▸ **Given data**:
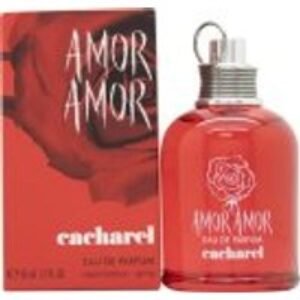 Cacharel Amor Amor Eau de Parfum 50ml Spray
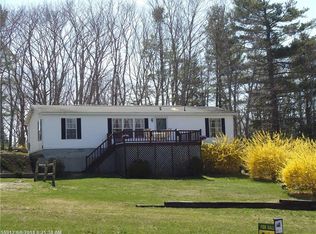 7 Kimballtown Rd, Trevett, ME 04571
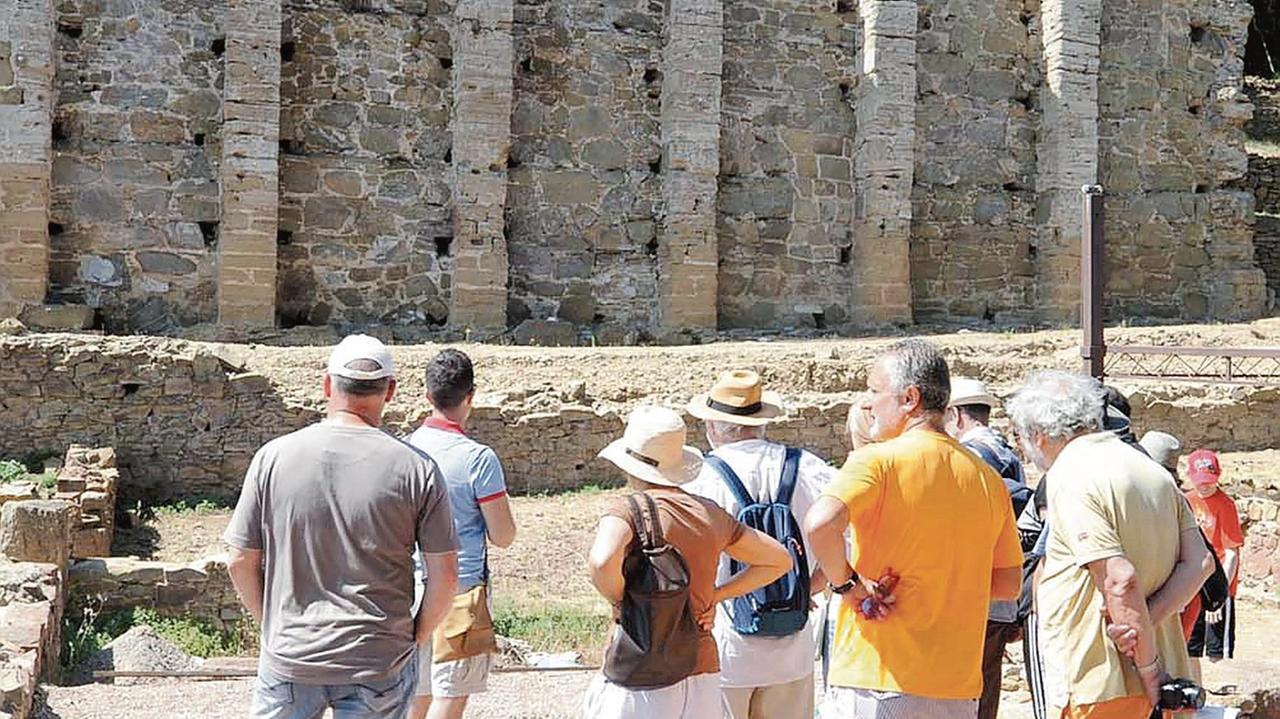 Parchi Val di Cornia: modello messo in crisi per le responsabilità di chi lo ha promosso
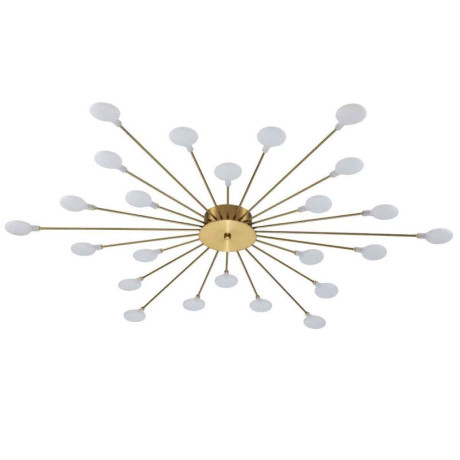 Накладная люстра Escada 2109/1 Copper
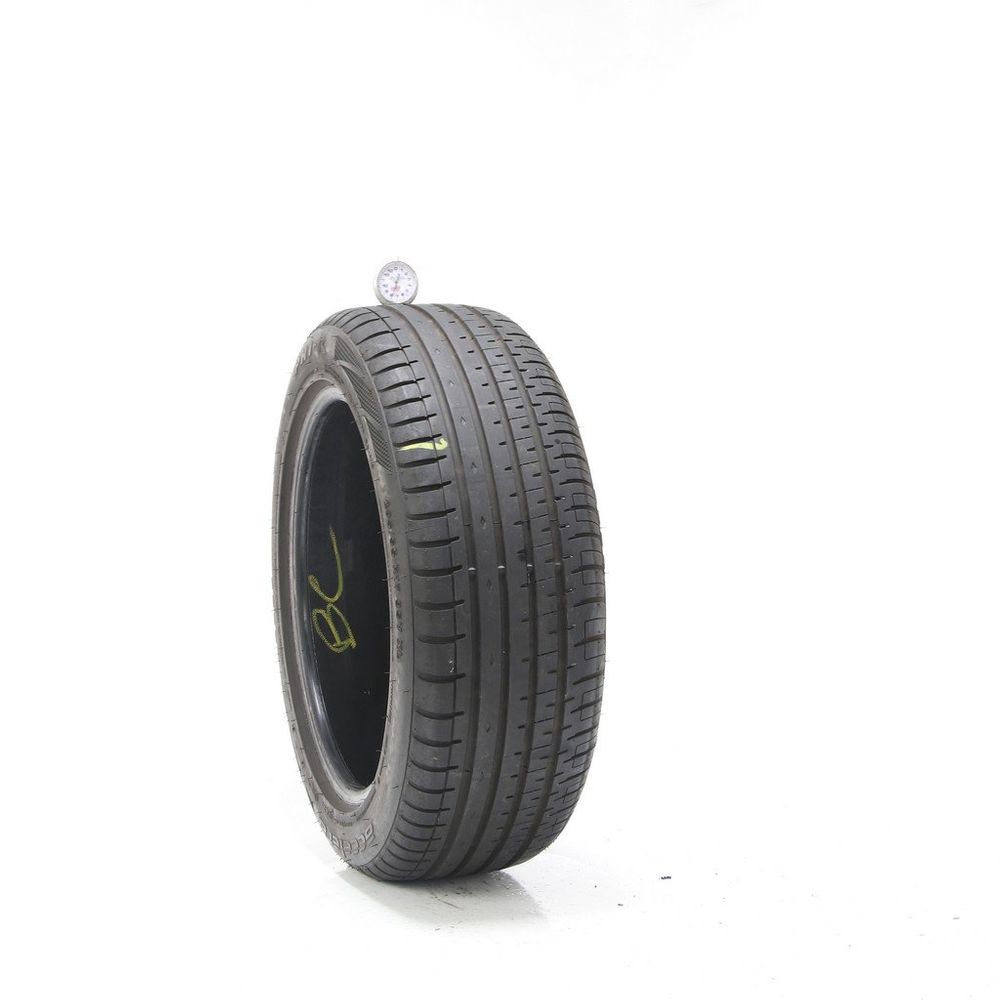 Used 205/55R17 Accelera Phi-R 95V - 8/32 - Image 1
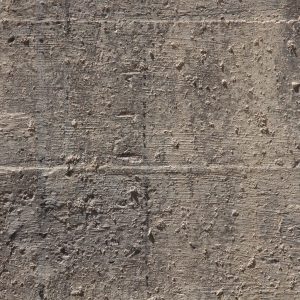 Stone concrete blocks with lines through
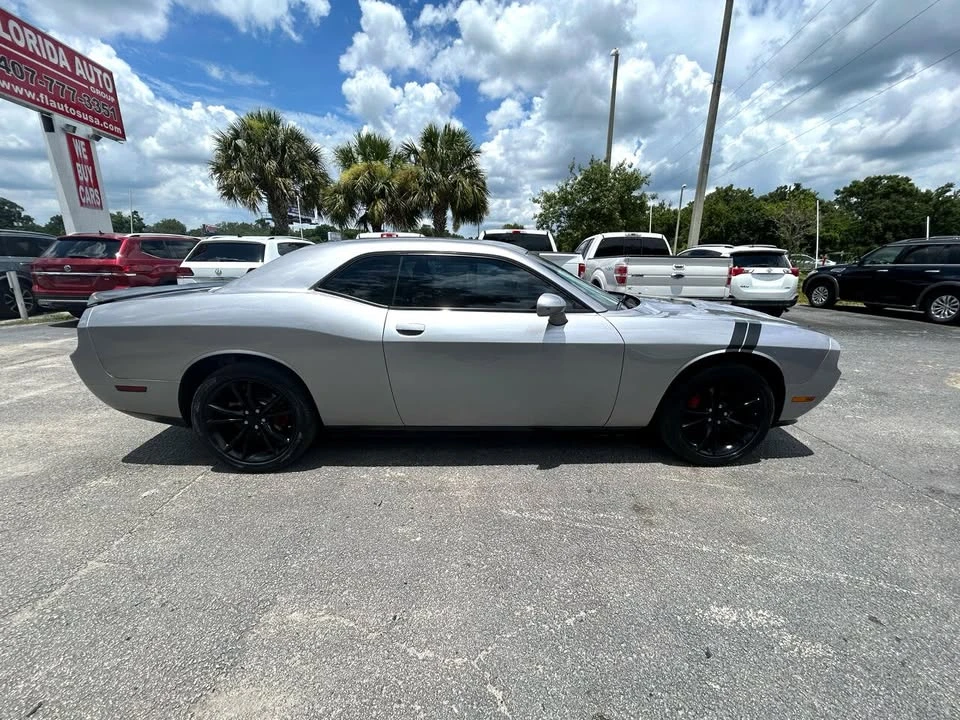 2014 Dodge Challenger 3rd Gen - Image 8 of 14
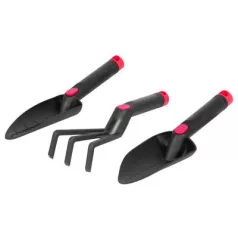   Szerszámkészlet Strend Pro Herrison GS989, kerti, 3 részes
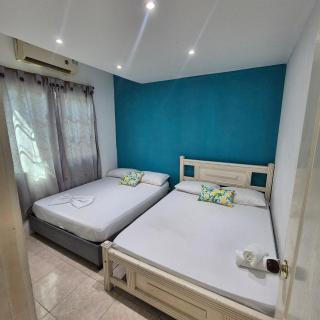 Hostal Casa del Palmar - 7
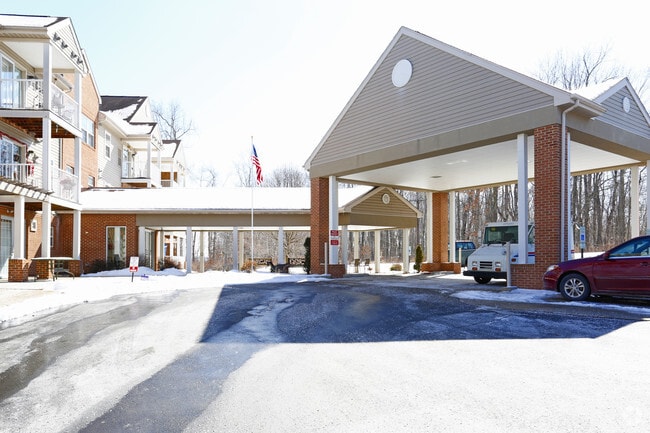 Photo - The Oaks at Center at the Woods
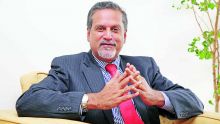 Sunil Benimadhu : «La Bourse de Maurice a permis aux firmes de lever plus de Rs 220 Md»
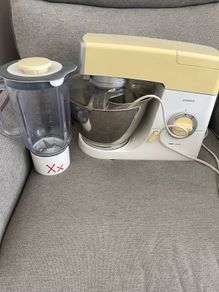 Kenwood Chef Classic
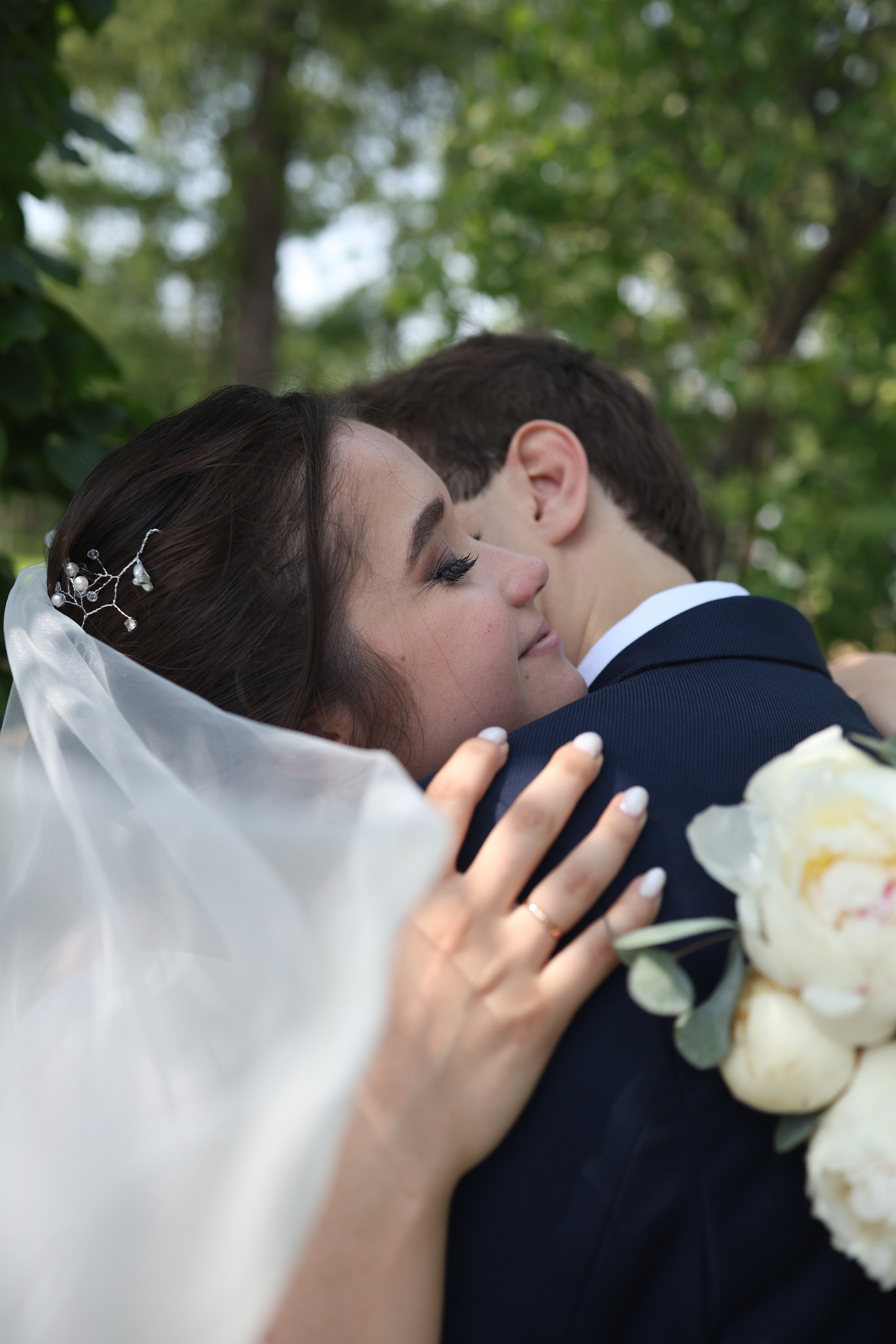 Михаил и Александра. Фотограф и видеограф в Москве Полина Абраменкова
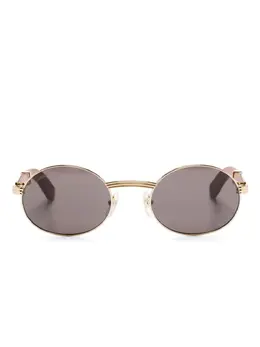 Cartier Eyewear: Очки 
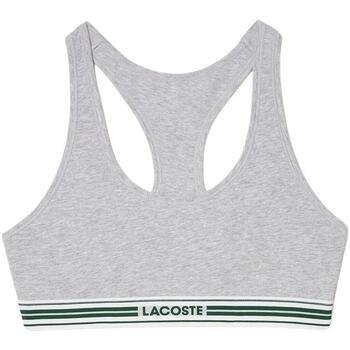 Brassières de sport Lacoste -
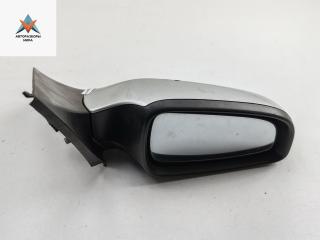 зеркало правое Opel Astra H/Family [рестайлинг] 2007, 1.9 л., дизель, МКПП, серый, универсал, 13252956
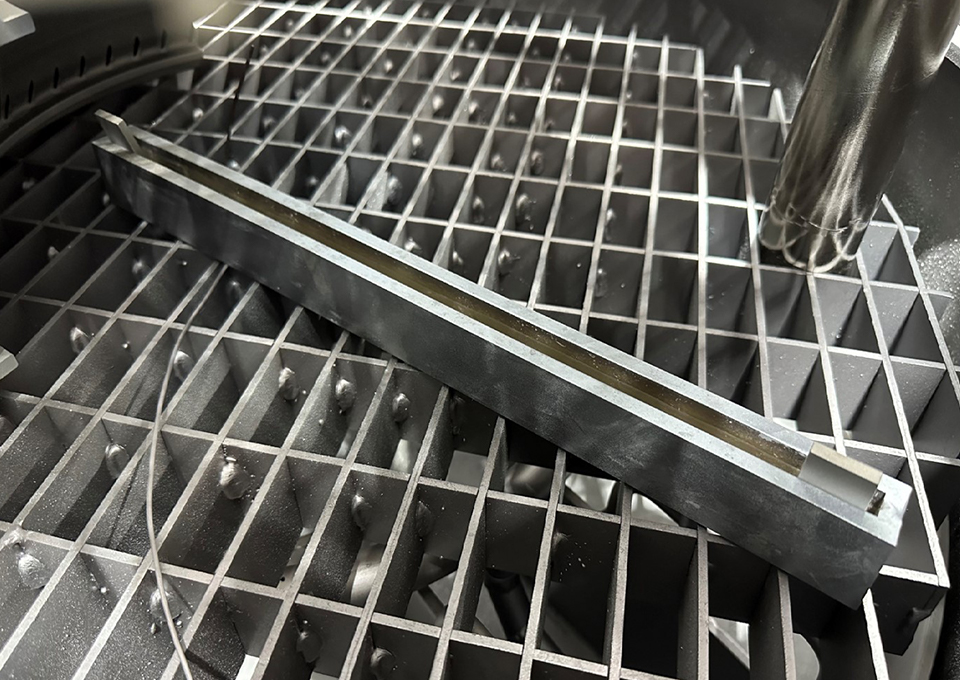 UNIQE高溫防護(hù)解決方案:提升航空發(fā)動(dòng)機(jī)遮蔽涂層效率與質(zhì)量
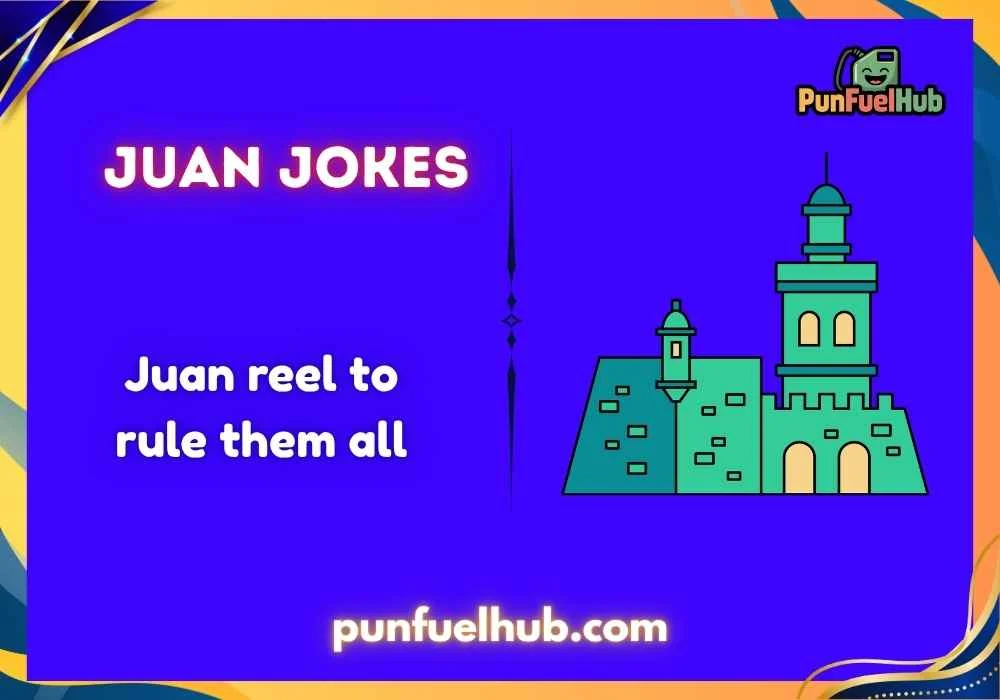 Juan Jokes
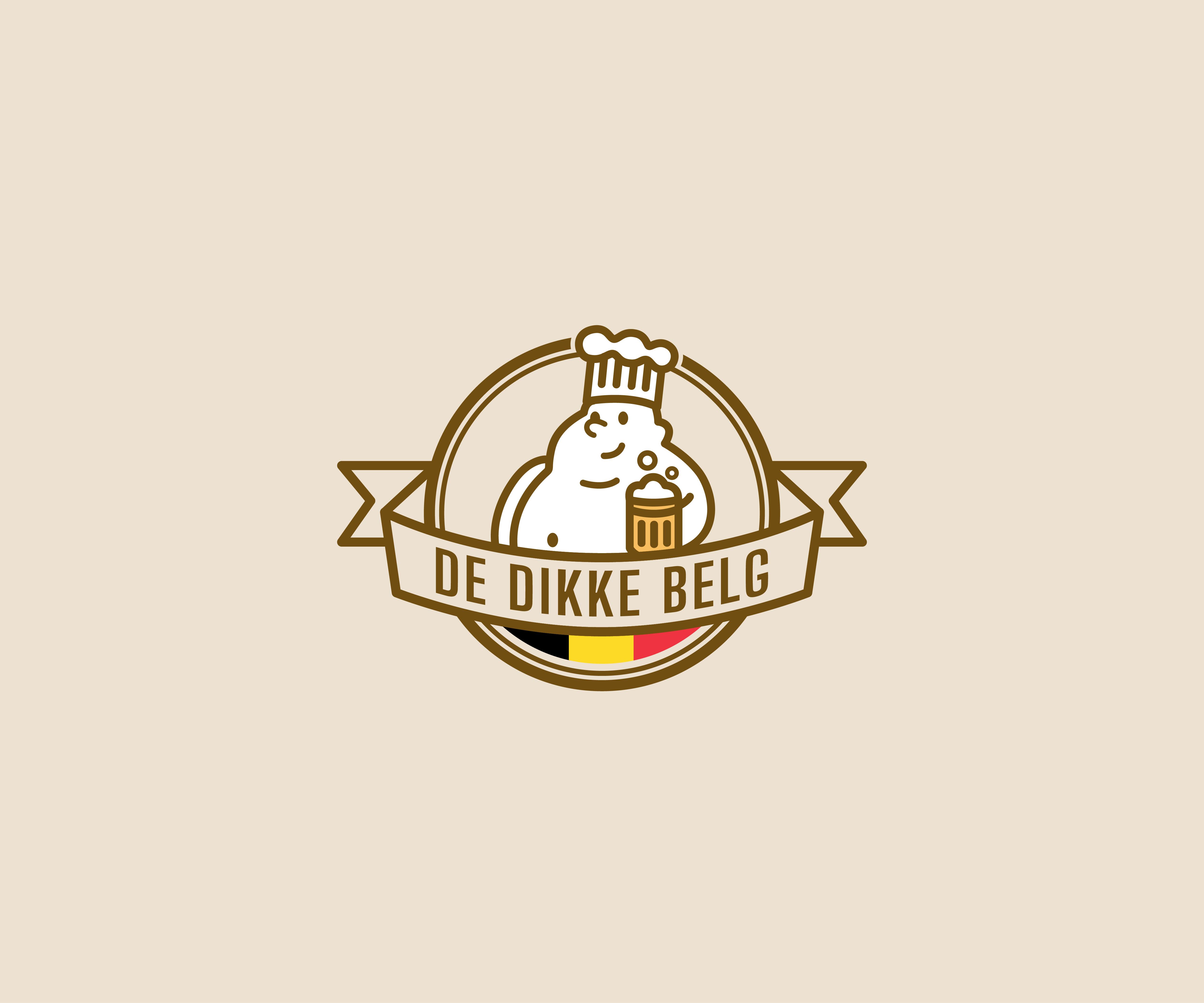 Logo Design by James J. for GROW BV | Design #32534915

▸ **What you are asked to do**: Nothing but the lines from the line holding "Stone concrete blocks with lines through" through the last line of the entries above is to be reproduced, exactly and without pictures.

▸ **Response for this exercise**:
 Stone concrete blocks with lines through
 2014 Dodge Challenger 3rd Gen - Image 8 of 14
   Szerszámkészlet Strend Pro Herrison GS989, kerti, 3 részes
 Hostal Casa del Palmar - 7
 Photo - The Oaks at Center at the Woods
 Sunil Benimadhu : «La Bourse de Maurice a permis aux firmes de lever plus de Rs 220 Md»
 Kenwood Chef Classic
 Михаил и Александра. Фотограф и видеограф в Москве Полина Абраменкова
 Cartier Eyewear: Очки 
 Brassières de sport Lacoste -
 зеркало правое Opel Astra H/Family [рестайлинг] 2007, 1.9 л., дизель, МКПП, серый, универсал, 13252956
 UNIQE高溫防護(hù)解決方案:提升航空發(fā)動(dòng)機(jī)遮蔽涂層效率與質(zhì)量
 Juan Jokes
 Logo Design by James J. for GROW BV | Design #32534915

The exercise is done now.